A male country star shaking his booty? Bryan’s performance of “Country Girl (Shake It For Me)” marked the first time a man in music’s most straitlaced genre really cut loose in the way Elvis Presley launched rock ’n’ roll with a sexy sneer and that little wiggle.

Since Bryan’s archetype-shattering appearances on the CMT Video Awards and the Country Music Association Awards in 2011, his career has been on a rise so steep that 18 months later, he’s headlining his own arena tour (coming to Tinley Park’s First Midwest Bank Amphitheatre on June 15) and releasing two albums in a four-month span.

And in his biggest moment yet, he’s set to co-host this weekend’s Academy of Country Music Awards with Blake Shelton — his rival in the entertainer of the year category.

“TV’s not going to give you many second chances if you tank a performance or if your performance was so boring that everybody changed the channel,” Bryan says. “So I had enough sense to know you better give something that people are going to watch.”
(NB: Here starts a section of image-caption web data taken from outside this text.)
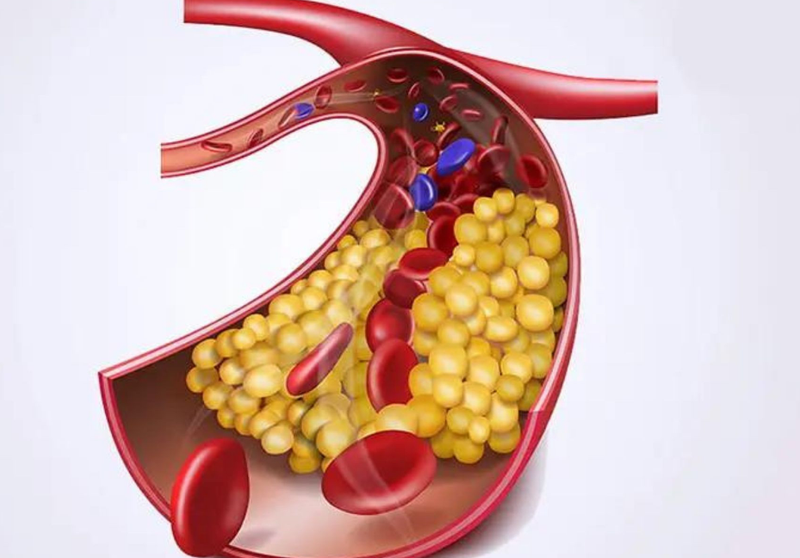 Hội chứng đường hầm cổ chân và những điều cần biết 3
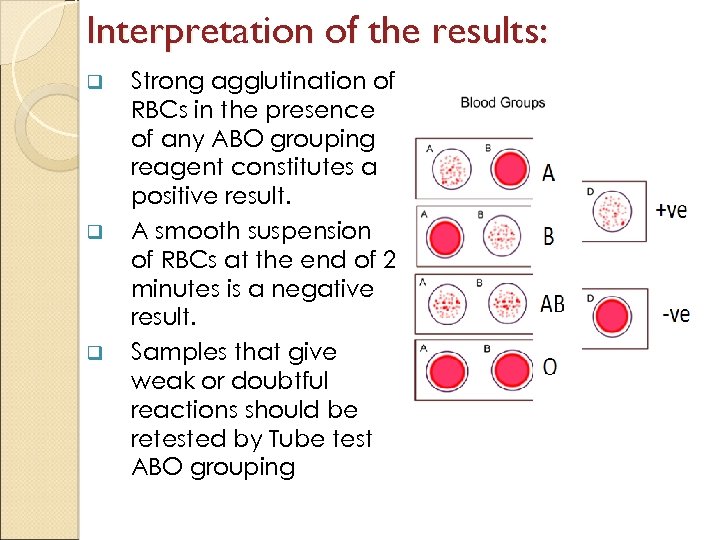 Interpretation of the results: q q q Strong agglutination of RBCs in the presence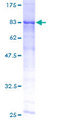 ME1 / Malate Dehydrogenase Protein - 12.5% SDS-PAGE of human ME1 stained with Coomassie Blue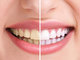 Ter os dentes saudáveis faz toda a diferença na hora
de abrir aquele sorrisão. Mas, e quando você escova os dentes após as
refeições, usa fio dental e ainda assim o sorriso fica amarelado? 

De acordo com a dentista e especialista em
dentística estética Elaine Cristina de Almeida, a causa pode estar nos
alimentos ácidos ou naqueles com forte pigmentação, conhecidos como
cromogênicos.<br><br>A especialista ressalta que não é necessário ser radical e parar de
ingerir esses alimentos.<br><br>
— A melhor solução é não exagerar e sempre escovar
os dentes depois de consumi-los. Se não for possível, recorra a um copo d’água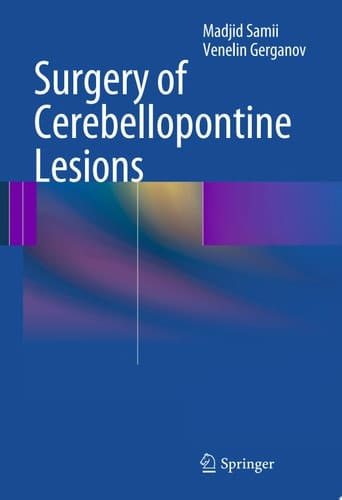 Surgery of Cerebellopontine Lesions
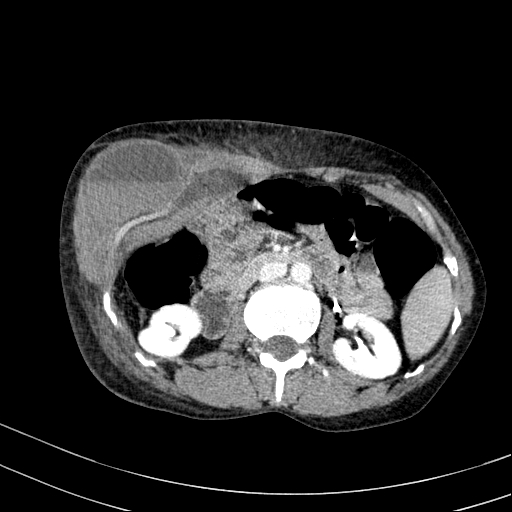 Abdominal wall hematoma with active bleeding (Radiopaedia 83915-99117 Axial C+ portal venous phase 30).jpg
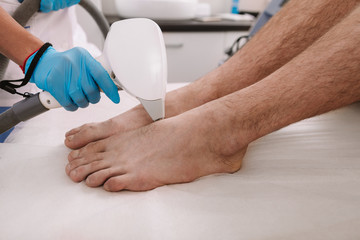 Beautician removing hair on the feet of a man, using laser hair removal machine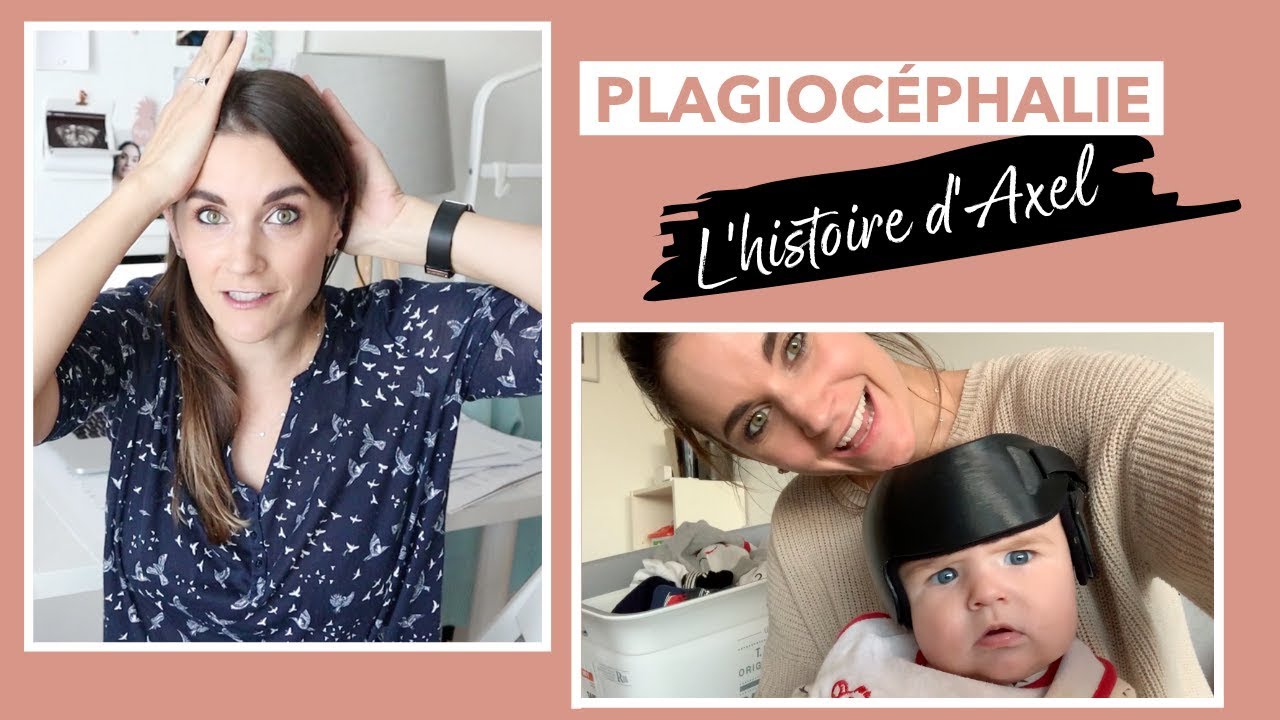 Plagiocéphalie et casque!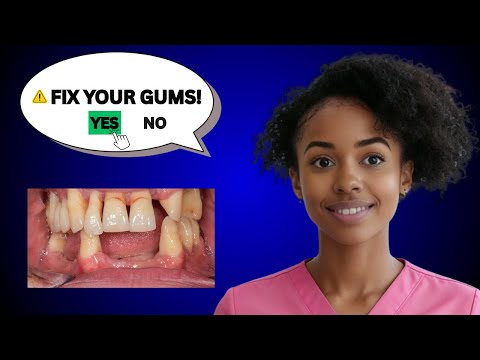 These 5 Foods Can Rebuild Your Receding Gums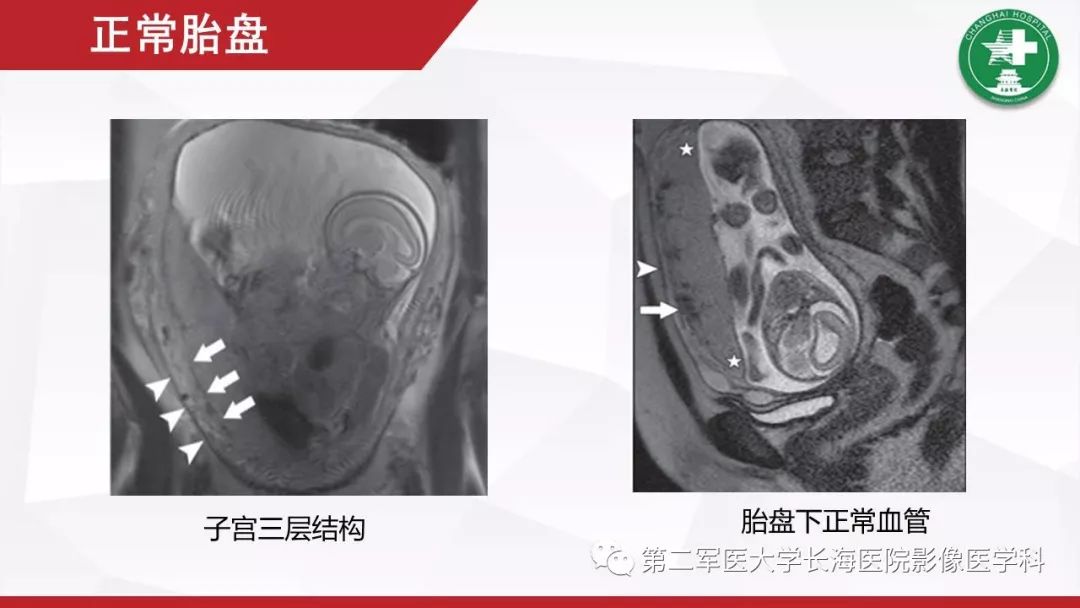 【PPT】胎盘植入的MRI征象
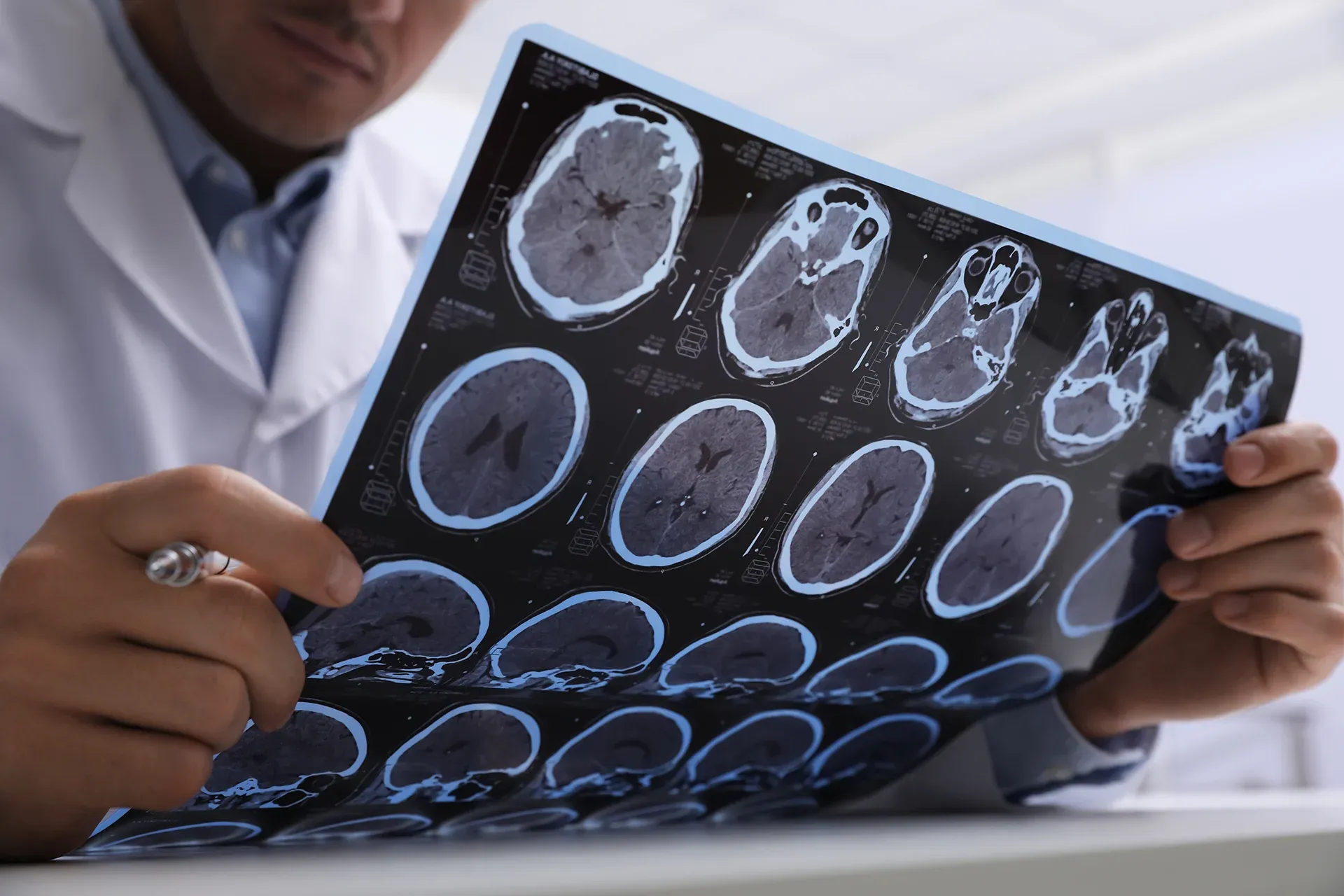 Possible Effects Of A Concussion From A Car Accident Possible Effects Of A Concussion From A Car Accident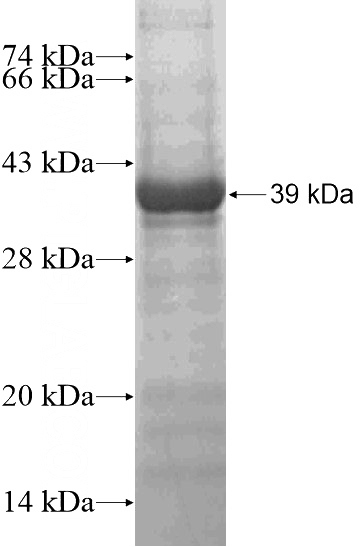 Recombinant Human ADARB2 SDS-PAGE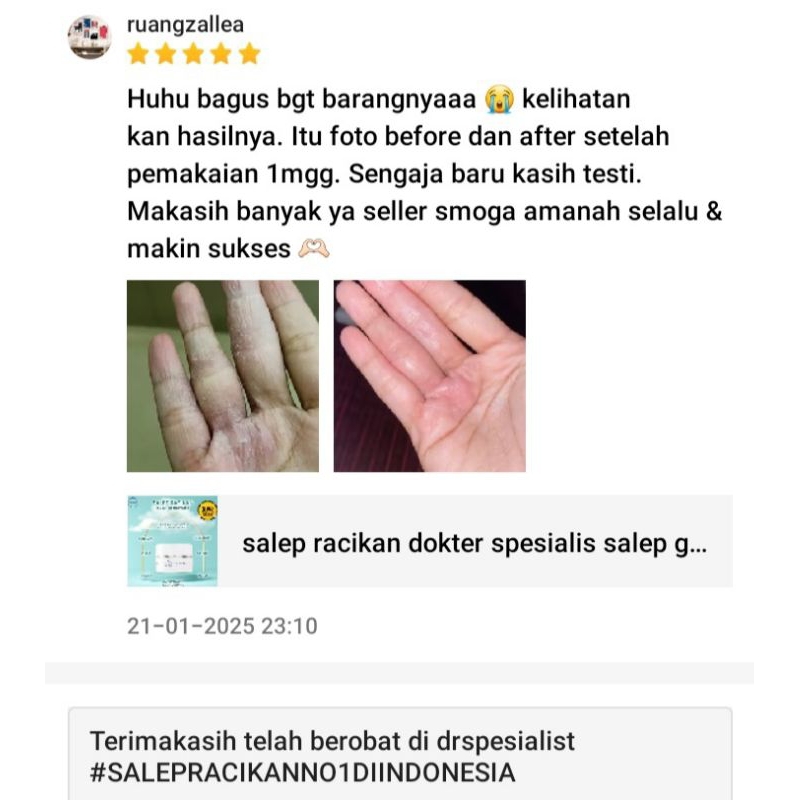 Salep Psoriasis Eksim Jamur Dermatitis Racikan Dr Spesialis Kemasan Ekonomis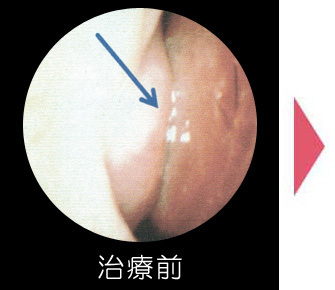 耳鼻咽喉科　はるクリニック レーザー治療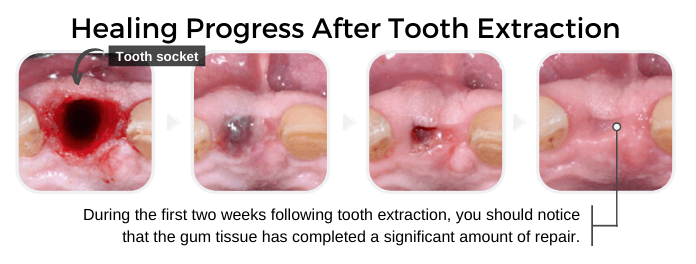 How Long Does It Take for Gums to Heal After Tooth Extraction? A Complete Guide to Healing and Recovery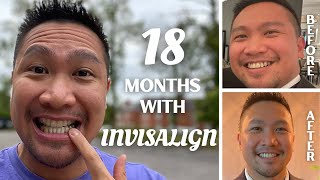 18 MONTHS SMILE PROGRESS WITH INVISALIGN  Invisalign Journal [upl. by Anelas]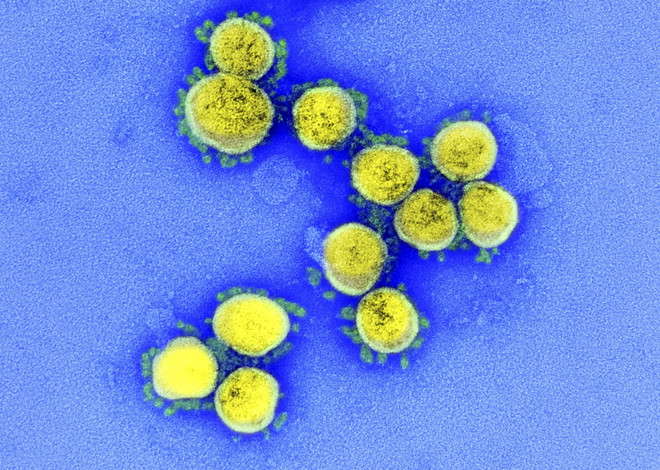 Những triệu chứng thường xuất hiện khi nhiễm biến thể Omicron ảnh 1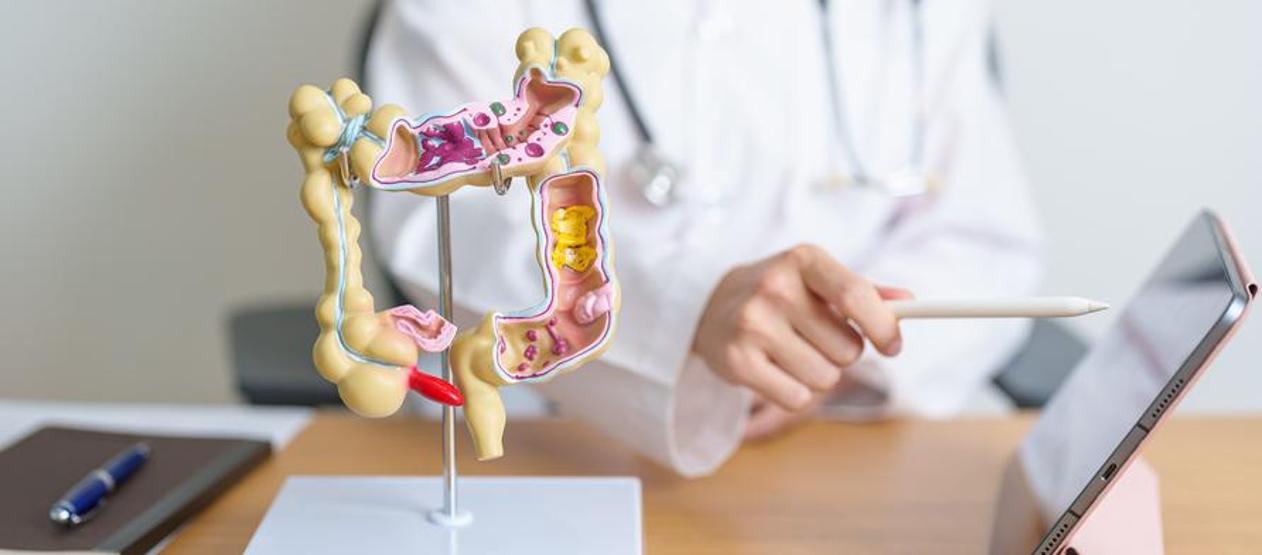 Crohn hastalığı nedir, neden olur Crohn hastalığı belirtileri ve tedavisi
Bob Romeo, the academy’s chief executive officer, says something in the way Bryan maintains a relationship with his audience makes people pay attention. “Garth Brooks could relate to the people,” Romeo says. “Luke clearly has got that gift.”

His two albums this year — “Spring Break ... Here to Party” and another due in August — defy the norm in the country world, where artists tend to stick to an every-two-years schedule. But like his hips, Bryan’s not afraid to shake things up on the business side either.

“I will challenge my country music heritage with anybody,” Bryan says. “It’s no disrespect. I love the way I’m going about it and doing it, and clearly the fans are happy with it.”